Adam Rogers, articles editor at Wired Magazine and the author of Proof: The Science of Booze, talks about the chemistry, physics, biology and metallurgy behind alcohol's taste and effects.

A Few Adam Rogers-Approved Cocktails to Get the Weekend Started

  • Corpse Reviver #2: gin, Cointreau, Cocchi Americano (can substitute Lillet), lemon, absinthe rinse
  • Sazerac: rye, Peychaud's Bitters, sugar cube, absinthe rinse
  • Mai Tai: rum (two different kinds), orgeat (a sweetened almond syrup), curacao
  • Bloody Maria: just like a Bloody Mary, but with tequila instead of vodka (and vastly superior, according to Adam Rogers)
  • Excerpt: From the Introduction to Proof: The Science of Booze

    I’ve had perfect bar moments. They led to this book. Here’s one: I was supposed to meet a friend for an after-work drink on a swamp-sticky Washington, D.C., summer day, and I was late. I rushed across town to get to the bar and showed up a mess, the armpits of my shirt wet, hair stuck to my forehead.

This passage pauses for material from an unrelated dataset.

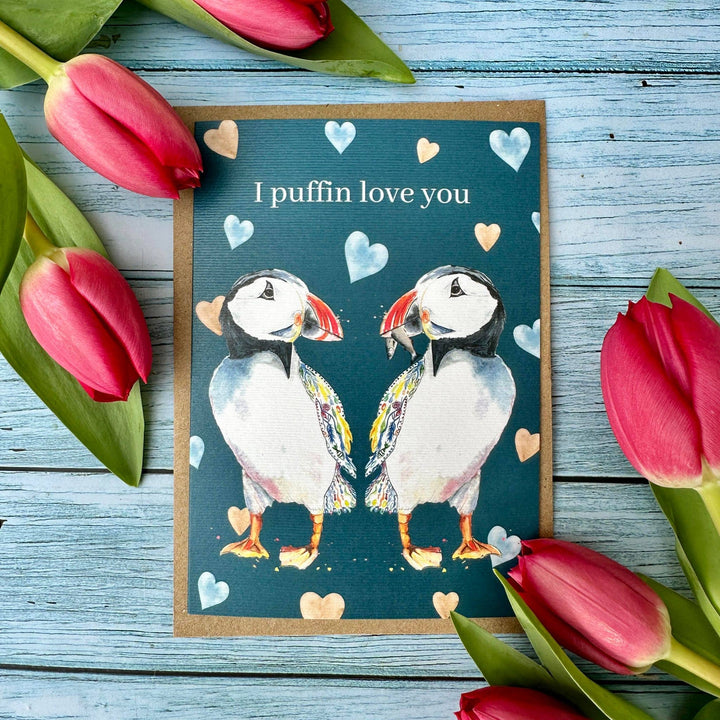 I Puffin Love You card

    The bar, though, was cool and dry — not just air-conditioner cool, but cool like they were piping in an evening from late autumn. The sun hadn’t set, but inside, the dark wood paneling managed to evoke 10 p.m. In a good bar, it is always 10 p.m.

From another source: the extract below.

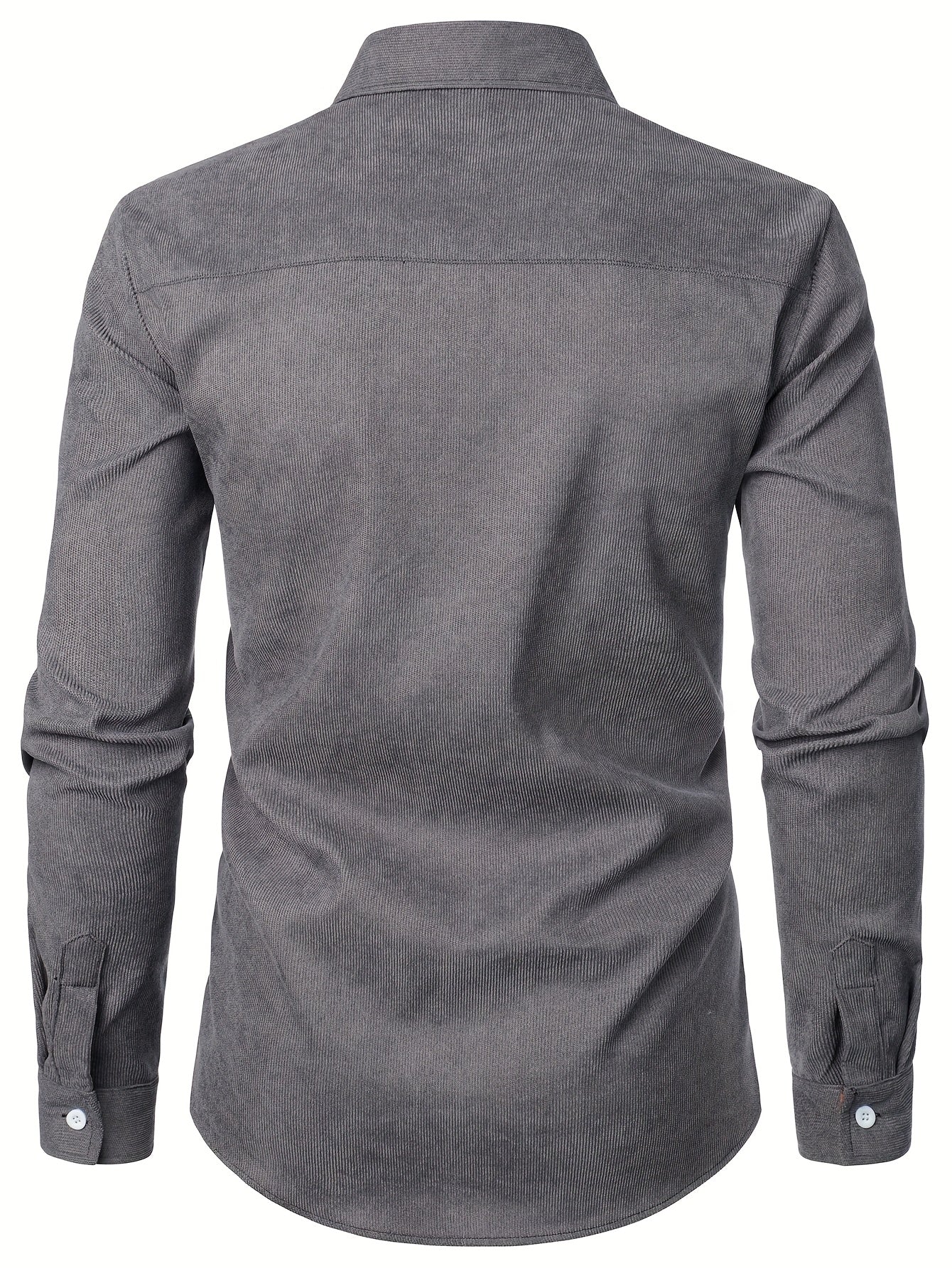 Chemise décontractée pour homme à manches longues avec détails à carreaux – Style élégant parfait pour toutes occasions - Image 10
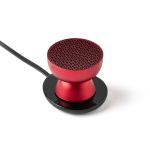 lexon tamo infinitely pairable bluetooth speaker red Red desktop microphone on black base.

    I asked for a beer; I don’t remember which one. The bartender nodded, and time slowed down. He put a square napkin in front of me, grabbed a pint glass, and went to the taps. He pulled a lever, and beer streamed out of a spigot. The bartender put the glass of beer in front of me, its sides frosting with condensation. I grabbed it, felt the cold in my hand, felt its weight as I lifted it. I took a sip.

    Time stopped. The world pivoted. It seems like a small transaction — a guy walks into a bar, right? — but it is the fulcrum on which this book rests, and it is the single most important event in human history. It happens thousands of times a day around the world, maybe millions, yet it is the culmination of human achievement, of human science and apprehension of the natural and technical world. Some archaeologists and anthropologists have argued that the production of beer induced human beings to settle down and develop permanent agriculture — to literally put down roots and cultivate grains instead of roam nomadically. The manufacture of alcohol was, arguably, the social and economic revolution that allowed Homo sapiens to become civilized human beings. It’s the apotheosis of human life on earth. It’s a miracle.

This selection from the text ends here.